Meskipun demikian, ada saja manusia yang menjadikannya sebagai saudara (ikhwan), yakni orang-orang yang tabdzir (mengeluarkan harta bukan pada jalan Allah swt [QS. Al-Isra` [17] : 27]); menjadikan setan teman dekat, yakni orang-orang yang berpaling dari dzikir (QS. Az-Zukhruf [43] : 36-38) dan orang yang sombong, pelit, dan kalau berinfaq ia riya (QS. An-Nisa` [4] : 37-38); menjadikan setan sebagai pemimpin pasukan (hizb), yakni orang-orang munafiq yang berkoalisi dengan orang Yahudi (QS. Al-Mujadilah [58] : 19); dan menjadikan setan sebagai wali (auliya), yakni orang-orang yang berperang di jalan thaghut (QS. An-Nisa` [4] : 76 dan Ali ‘Imran [3] : 175).
Al-Hafizh Ibn Katsir dalam kitab tafsirnya menuliskan tiga ayat semakna tentang kemestian mewaspadai dua jenis musuh; musuh dari manusia dan sang musuh utama bernama setan. Dalam menghadapi musuh dari manusia sikap yang harus dilakukan adalah ihsan (berbuat baik), sementara dalam menghadapi musuh jin (setan), sikap yang harus dilakukan adalah isti’adzah (memohon perlindungan). Tiga ayat yang dimaksud adalah:
خُذِ الْعَفْوَ وَأْمُرْ بِالْعُرْفِ وَاَعْرِضْ عَنِ الْجَاهِلِيْنَ. وَاِمَّا يَنْزَغَنَّكَ مِنَ الشَّيْطٰنِ نَزْغٌ فَاسْتَعِذْ بِاللّٰهِ ۗاِنَّهٗ سَمِيْعٌ عَلِيْمٌ
Jadilah engkau pemaaf dan suruhlah orang mengerjakan yang makruf, serta berpalinglah daripada orang-orang yang bodoh. Dan jika kamu ditimpa sesuatu godaan syaitan, maka berlindunglah kepada Allah. Sesungguhnya Allah Maha Mendengar lagi Maha Mengetahui (QS. Al-A’raf [7] : 199-200).

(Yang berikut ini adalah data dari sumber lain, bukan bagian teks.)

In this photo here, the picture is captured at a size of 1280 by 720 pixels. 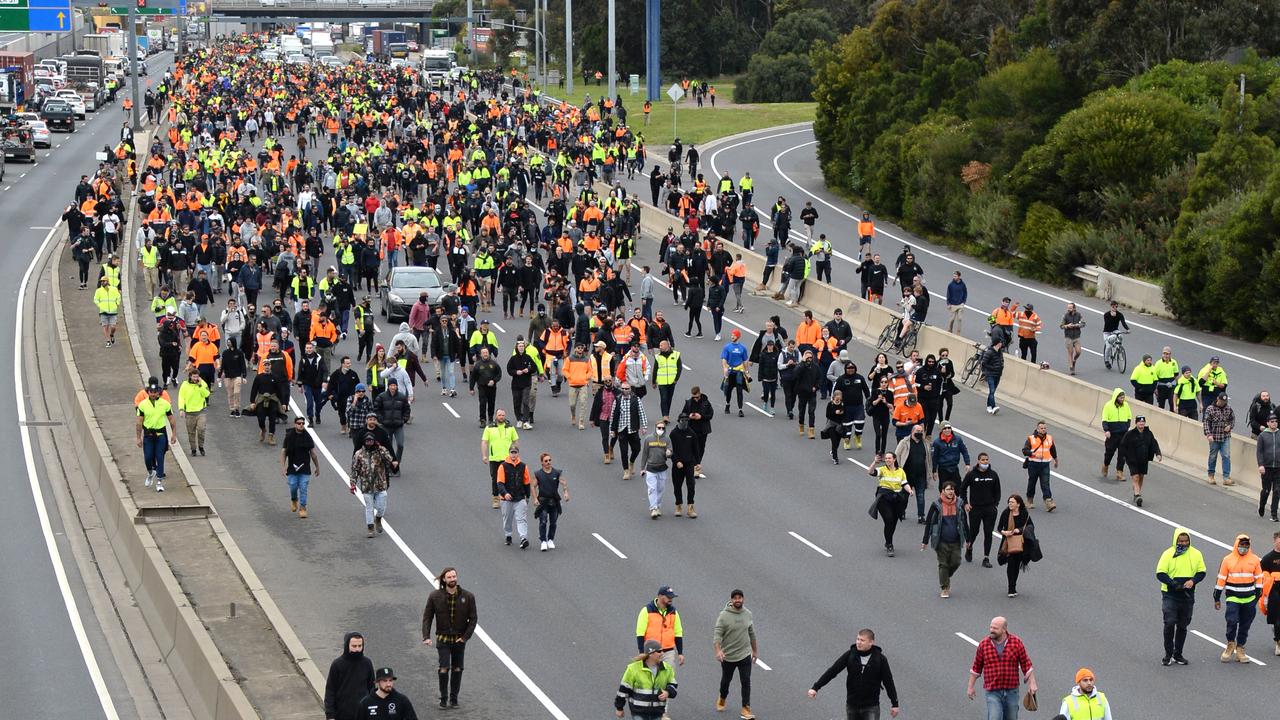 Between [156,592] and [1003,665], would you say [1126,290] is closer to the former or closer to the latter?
[156,592]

اِدْفَعْ بِالَّتِيْ هِيَ اَحْسَنُ السَّيِّئَةَۗ نَحْنُ اَعْلَمُ بِمَا يَصِفُوْنَ . وَقُلْ رَّبِّ اَعُوْذُ بِكَ مِنْ هَمَزٰتِ الشَّيٰطِيْنِ ۙ. وَاَعُوْذُ بِكَ رَبِّ اَنْ يَّحْضُرُوْنِ.

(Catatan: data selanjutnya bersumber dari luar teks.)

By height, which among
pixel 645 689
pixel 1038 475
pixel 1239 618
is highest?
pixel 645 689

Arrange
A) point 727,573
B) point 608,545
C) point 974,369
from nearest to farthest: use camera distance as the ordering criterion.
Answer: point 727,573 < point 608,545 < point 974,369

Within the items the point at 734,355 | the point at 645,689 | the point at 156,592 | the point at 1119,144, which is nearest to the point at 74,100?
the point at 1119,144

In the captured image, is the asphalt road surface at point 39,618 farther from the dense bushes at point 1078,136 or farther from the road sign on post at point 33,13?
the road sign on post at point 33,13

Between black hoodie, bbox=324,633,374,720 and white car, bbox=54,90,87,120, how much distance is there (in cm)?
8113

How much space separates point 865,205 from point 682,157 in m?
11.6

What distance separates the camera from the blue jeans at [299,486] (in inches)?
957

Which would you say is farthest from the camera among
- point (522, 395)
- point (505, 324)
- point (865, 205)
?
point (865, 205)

Tolaklah perbuatan buruk mereka dengan yang lebih baik. Kami lebih mengetahui apa yang mereka sifatkan. Dan katakanlah: “Ya Tuhanku aku berlindung kepada Engkau dari bisikan-bisikan syaitan. Dan aku berlindung (pula) kepada Engkau ya Tuhanku, dari kedatangan mereka kepadaku.” (QS. Al-Mu`minun [23] : 96-98).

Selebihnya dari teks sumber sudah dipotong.